To determine if there is an interaction between Bishop score and use of resources between elective induction of labor (IOL) vs. expectant management (EM) at ≥ 39 weeks. Secondary analysis of a RCT of IOL at 39 0/7-39 4/7 weeks compared with EM in low-risk nulliparous pregnancies. The primary outcome of this analysis was maternal hospital length of stay from admission until discharge. Antepartum, intrapartum, postpartum, and neonatal resources were defined a priori in the parent trial. The interaction between group assignment (IOL vs. EM) and cervical status was evaluated for antepartum resources using the modified Bishop score at randomization, and for intrapartum, postpartum, and neonatal resources using the modified Bishop score at presentation for delivery. Multivariable generalized linear modeling and modified Poisson regression were performed. Due to multiple comparisons 99% confidence intervals were calculated (statistical significance, p < 0.01). Of 6,094 patients with data available, 3,059 were randomized to IOL and 3,035 to EM. There were no differences in baseline characteristics between the two groups, including Bishop score at randomization.
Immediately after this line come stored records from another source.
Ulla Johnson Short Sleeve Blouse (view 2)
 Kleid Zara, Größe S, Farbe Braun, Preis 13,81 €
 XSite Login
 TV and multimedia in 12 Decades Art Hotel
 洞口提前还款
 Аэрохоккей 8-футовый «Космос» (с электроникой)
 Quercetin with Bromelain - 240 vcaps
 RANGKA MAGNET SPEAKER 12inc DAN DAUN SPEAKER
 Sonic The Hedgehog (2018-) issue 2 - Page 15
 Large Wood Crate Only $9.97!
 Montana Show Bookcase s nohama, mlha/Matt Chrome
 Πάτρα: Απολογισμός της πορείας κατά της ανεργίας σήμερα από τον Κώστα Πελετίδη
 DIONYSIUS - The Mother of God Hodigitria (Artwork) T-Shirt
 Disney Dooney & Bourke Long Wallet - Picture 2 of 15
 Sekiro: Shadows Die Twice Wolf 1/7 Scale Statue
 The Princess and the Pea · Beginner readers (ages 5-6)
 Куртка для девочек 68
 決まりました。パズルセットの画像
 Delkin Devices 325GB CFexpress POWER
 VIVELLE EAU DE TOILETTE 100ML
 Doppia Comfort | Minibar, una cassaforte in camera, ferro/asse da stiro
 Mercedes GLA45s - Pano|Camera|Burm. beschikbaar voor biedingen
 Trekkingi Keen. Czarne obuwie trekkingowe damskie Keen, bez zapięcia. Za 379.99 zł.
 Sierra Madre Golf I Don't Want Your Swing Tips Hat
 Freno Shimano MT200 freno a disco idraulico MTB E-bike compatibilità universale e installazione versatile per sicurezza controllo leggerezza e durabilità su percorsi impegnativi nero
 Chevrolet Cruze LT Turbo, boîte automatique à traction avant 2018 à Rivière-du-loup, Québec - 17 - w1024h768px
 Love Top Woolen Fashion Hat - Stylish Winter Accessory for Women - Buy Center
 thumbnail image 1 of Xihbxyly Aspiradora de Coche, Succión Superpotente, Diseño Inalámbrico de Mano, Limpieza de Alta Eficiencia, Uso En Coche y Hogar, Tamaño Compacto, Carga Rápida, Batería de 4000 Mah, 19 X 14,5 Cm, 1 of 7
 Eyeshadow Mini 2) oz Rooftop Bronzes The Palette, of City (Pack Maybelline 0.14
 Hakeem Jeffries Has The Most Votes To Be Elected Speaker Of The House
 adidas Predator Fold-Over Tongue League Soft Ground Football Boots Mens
However, participants assigned to EM had higher Bishop scores at presentation for delivery (median, IQR: 7 (5-8) vs. 5 (4-7), p<0.001) compared with those assigned to IOL. There were no significant interactions between cervical status and primary or secondary outcomes except use of cervical ripening (p-value for interaction <0.001). After adjustment for confounders, patients in the IOL group were nearly 3 times as likely to undergo cervical ripening than the EM group if their Bishop score was ≥5 (aRR 2.81, 99% CI 2.35-3.36,) but had only a 24% increased likelihood of cervical ripening if the Bishop score was <5 (aRR 1.24, 99% CI 1.08 - 1.43). Aside from cervical ripening, the difference in resource utilization between the elective induction and expectant management groups is not modified by Bishop score. The Bishop score should not alter the counseling regarding the use of resources for labor induction after 39 weeks.